RECORDED DATA START

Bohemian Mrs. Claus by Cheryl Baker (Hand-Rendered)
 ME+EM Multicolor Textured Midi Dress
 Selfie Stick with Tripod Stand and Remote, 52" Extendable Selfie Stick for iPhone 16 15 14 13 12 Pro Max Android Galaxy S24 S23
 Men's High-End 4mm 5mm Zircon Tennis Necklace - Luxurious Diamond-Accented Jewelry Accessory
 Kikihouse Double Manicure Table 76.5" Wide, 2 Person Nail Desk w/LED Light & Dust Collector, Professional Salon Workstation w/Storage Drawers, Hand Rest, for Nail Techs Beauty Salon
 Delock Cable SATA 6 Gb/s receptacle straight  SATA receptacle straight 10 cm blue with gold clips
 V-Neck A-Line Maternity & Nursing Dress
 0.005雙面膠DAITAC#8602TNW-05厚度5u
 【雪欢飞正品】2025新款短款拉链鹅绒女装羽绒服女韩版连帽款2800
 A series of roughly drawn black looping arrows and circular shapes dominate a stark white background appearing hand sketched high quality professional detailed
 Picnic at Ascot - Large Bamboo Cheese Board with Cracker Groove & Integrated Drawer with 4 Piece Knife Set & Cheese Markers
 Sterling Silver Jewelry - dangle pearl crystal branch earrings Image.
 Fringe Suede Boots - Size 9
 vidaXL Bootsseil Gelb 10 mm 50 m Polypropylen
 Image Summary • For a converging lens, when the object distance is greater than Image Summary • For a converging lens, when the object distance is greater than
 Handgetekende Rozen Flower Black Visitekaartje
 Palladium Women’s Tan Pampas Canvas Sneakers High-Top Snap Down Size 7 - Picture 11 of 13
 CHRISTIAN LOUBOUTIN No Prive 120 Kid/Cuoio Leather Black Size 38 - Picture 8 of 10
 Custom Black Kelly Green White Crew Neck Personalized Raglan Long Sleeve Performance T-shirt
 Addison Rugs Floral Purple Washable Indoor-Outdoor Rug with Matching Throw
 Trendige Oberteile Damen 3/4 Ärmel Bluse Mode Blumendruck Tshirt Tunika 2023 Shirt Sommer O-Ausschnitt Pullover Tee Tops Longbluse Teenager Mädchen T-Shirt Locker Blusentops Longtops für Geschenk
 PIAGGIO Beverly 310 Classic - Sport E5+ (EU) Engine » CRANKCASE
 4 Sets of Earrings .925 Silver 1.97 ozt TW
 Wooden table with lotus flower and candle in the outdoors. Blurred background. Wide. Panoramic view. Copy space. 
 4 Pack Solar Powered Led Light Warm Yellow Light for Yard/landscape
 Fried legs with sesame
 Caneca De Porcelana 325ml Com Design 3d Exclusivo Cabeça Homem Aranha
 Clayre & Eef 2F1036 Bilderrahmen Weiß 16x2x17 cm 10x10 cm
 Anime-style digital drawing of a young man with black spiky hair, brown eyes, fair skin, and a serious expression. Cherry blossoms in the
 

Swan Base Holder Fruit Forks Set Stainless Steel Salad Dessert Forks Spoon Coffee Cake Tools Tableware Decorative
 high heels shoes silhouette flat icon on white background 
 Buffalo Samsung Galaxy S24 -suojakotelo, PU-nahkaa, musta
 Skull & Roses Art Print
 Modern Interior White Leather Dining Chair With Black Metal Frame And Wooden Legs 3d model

RECORDED DATA END

● PROMPT:
Looking at the entries, how many lines contain the string "background"? The answer is that number alone.

● EXERCISE OUTPUT:
3